A Graphical Intro to Probabilistic Neural Networks (PNN)

Introduction

Machine Learning engineers use Probabilistic Neural Networks (PNN) for classification and pattern recognition tasks. PNN use a Parzen Window along with a non-negative kernel function to estimate the probability distribution function (PDF) of each class. The Parzen approach enables non-parametric estimation of the PDF.

In this blog post I will discuss the following

What is a Parzen PNN?
- Animated example of the Parzen algorithm
- Animated example of a Parzen Neural Network
Normalization of Training Data
- Trade several approaches
- Effectiveness of approaches - Parzen vs. Nearest Neighbor
Reduced Coulomb Energy Networks
- Descriptive Animation
- Visualization of RCE on the normalization approach
- Benefits of Ambiguous Regions
RCE applied to the Bupa Liver disorders data set
Conclusion

What is a Parzen PNN?

Mathworks provides a simple definition of a Parzen Probabilistic Neural Network:

The Parzen Probabilistic Neural Networks (PPNN) are a simple type of neural network used to classify data vectors. This [sic] classifiers are based on the Bayesian theory where the a posteriori probability density function (apo-pdf) is estimated from data using the Parzen window technique.
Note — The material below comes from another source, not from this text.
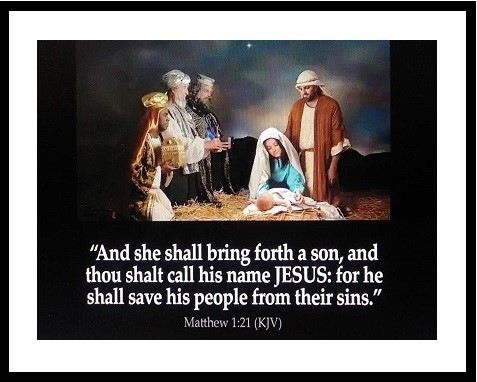 and she shall bring forth a son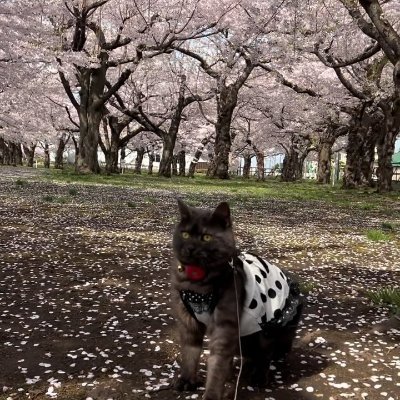 Vtune_miso's profile picture. 自分を信じて、一歩踏み出そう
PPNN allow a non-parametric approach to estimate the required Bayesian Classifier probabilities P(x|w_i) and P(w_i).

Bayes Classifier

In action, the PPNN mechanics are easy to follow. The PPNN takes a training vector, dot products it with the weights of the hidden layer vector and then chooses the winning class based on the highest output value. The next section includes an Animated cartoon that shows the PPNN visually.

Animated example of the Parzen algorithm

Suppose you have three classes, and the following training data:

ID	Class	Var1	Var2
A	Green	0.5	0.75
B	Purple	0.5	0.25
C	Purple	0.25	0.75
D	Yellow	0.75	0.5
E	Green	0.75	0.75

You now want to use a PPNN to classify the color of the observation ( Var1 = 0.75, Var2 = 0.25 ).

The Cartoon below shows the weights as filled colored boxes. In Column A, for example, weight one (WA1) is half full (e.g. 0.5) and weight two (WA2) is three quarters full ( e.g. 0.75). The animation shows the dot product of the test pattern ( X1 = 0.75, X2 = 0.25) with the weight vectors, an activation function, and then the selection of the winner.

Parzen Cartoon

Animated example of a Parzen Neural Network

Now let's take a look at the classification approach using the familiar neural network diagram. The input layer (bottom) includes our test pattern ( X1 = 0.75, X2 = 0.25), the hidden layer includes weight vectors assigned to classes based on the train patterns. The PPNN then connects the hidden layer to the appropriate class in the output layer.

Parzen Cartoon

Normalization of Training Data

The Mathworks PPNN web page specifies that we must normalize both our weight vectors and training vectors.

The weights on the first [hidden] layer are trained as follows: each sample data is normalized so that its length becomes unitary, each sample data becomes a neuron with the normalized values as weights w.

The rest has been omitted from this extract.